Nothing to be afraid of. (Photo Credit: Flickr User Jonathan, licensed under CC BY 2.0)

People who work in philanthropy are often are urged to “take more risks,” but I think better advice would be to try to recognize how few risks we face—and run with it. While we don’t always take full advantage of the opportunity, many grantmakers can take three types of actions that are risky for government agencies that are directly accountable to the taxpayers and (hopefully) closely watched by the media, and for those in the for-profit sector who have a duty to shareholders. These three things are: abandoning the old for new (and maybe better) ideas, owning failure, and letting our contributions go unrecognized.

A foundation’s ability to help start up something new and untested is, I think, what most people think of as risk taking in the philanthropic sector. Many other types of funders find it extremely difficult to deviate from conventional ways of doing business, even if everyone agrees that the status quo isn’t quite working. Too many political and institutional hurdles prevent dollars from being moved from well-established programs to develop and test a new idea. And the risk-aversion of many funders plays out in the behavior of organizations they support: it can be a death-defying act for the leader of a non-profit organization to abandon a line of work that attracts dollars for one that, while promising, lacks a secure financial base.

Nowhere is this clearer than when we’re helping a new organization trying to get off the ground. Take our support to the African Center for Economic Transformation, for example. ACET was set up in 2008 as a regional think tank, with a plan to generate world-class research and provide advice to reform-minded African leaders.

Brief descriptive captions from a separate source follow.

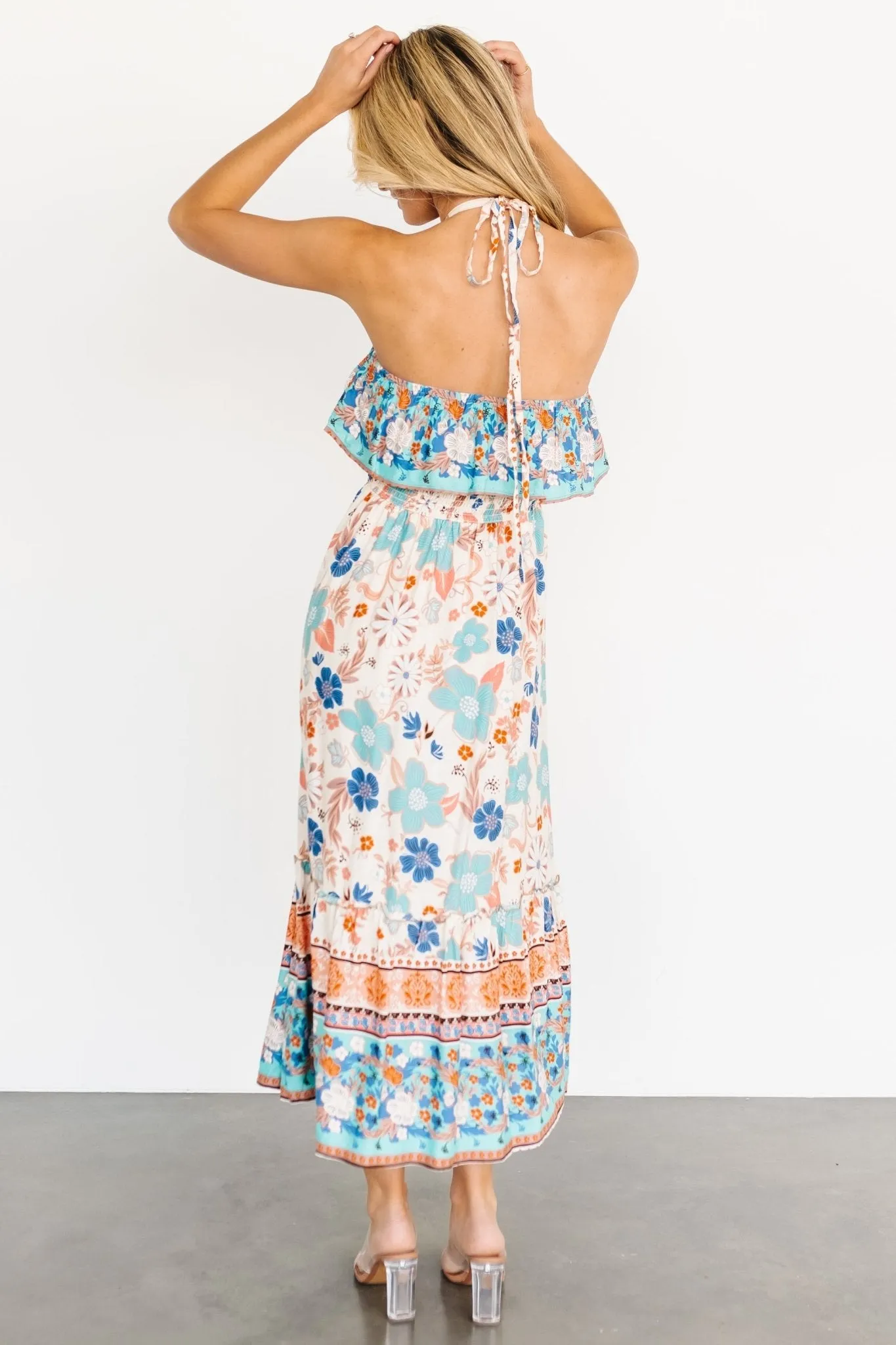 Dali Midi Dress | Natural + Blue Floral sold by Baltic Born product image thumbnail 4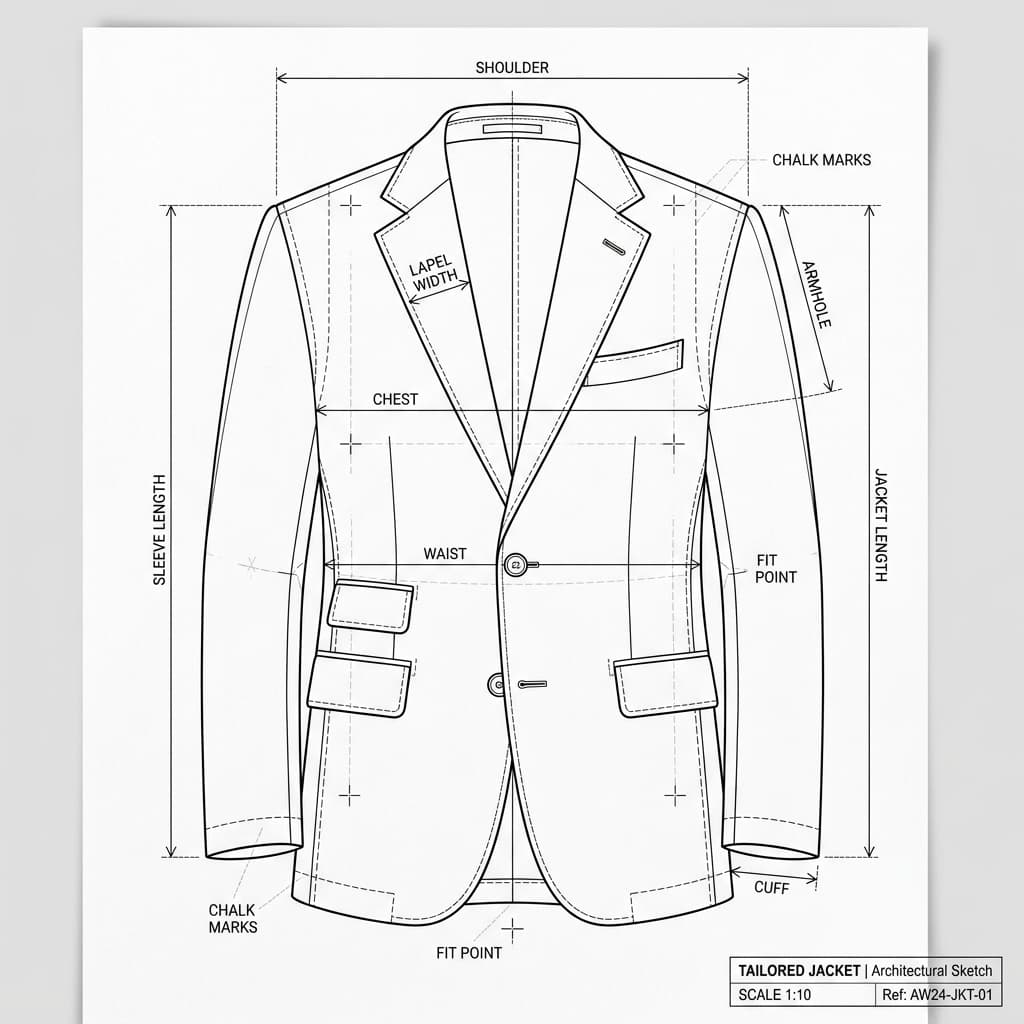 Suit jacket technical sketch layout
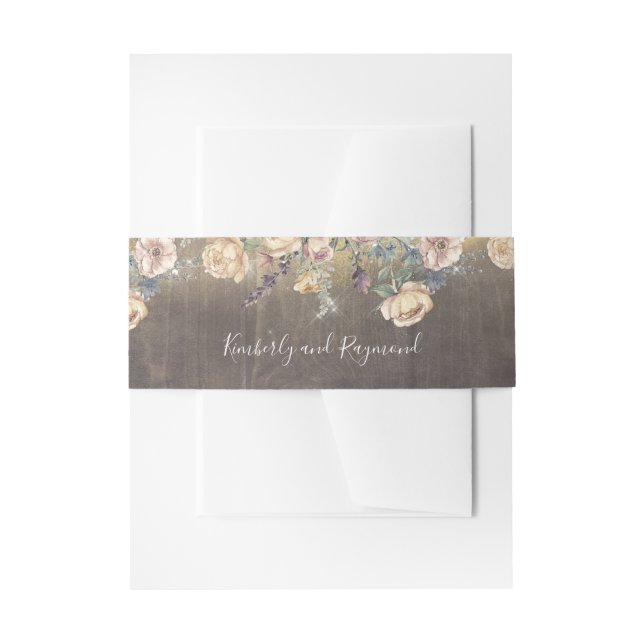 Mauve and Gold Floral Rustic Wedding Invitation Belly Band (Front Example)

It was a new institution, trying a novel blend of scholarship and tailored support to tackle policy challenges—things like public sector reform, securing land tenure and easing access to land, and negotiations with investors in extractive industries. Many agencies that fund studies about African social and economic policy were interested and saw the potential value of African leadership on policy research. But they all found reasons not to divert resources from the “usual suspects,” primarily Northern think tanks and universities.

There were lots of questions: Would it be seen as legitimate? Would the leader, K.Y. Amoako, be able to attract high-caliber colleagues to Accra, Ghana? Would the research put new options on the table?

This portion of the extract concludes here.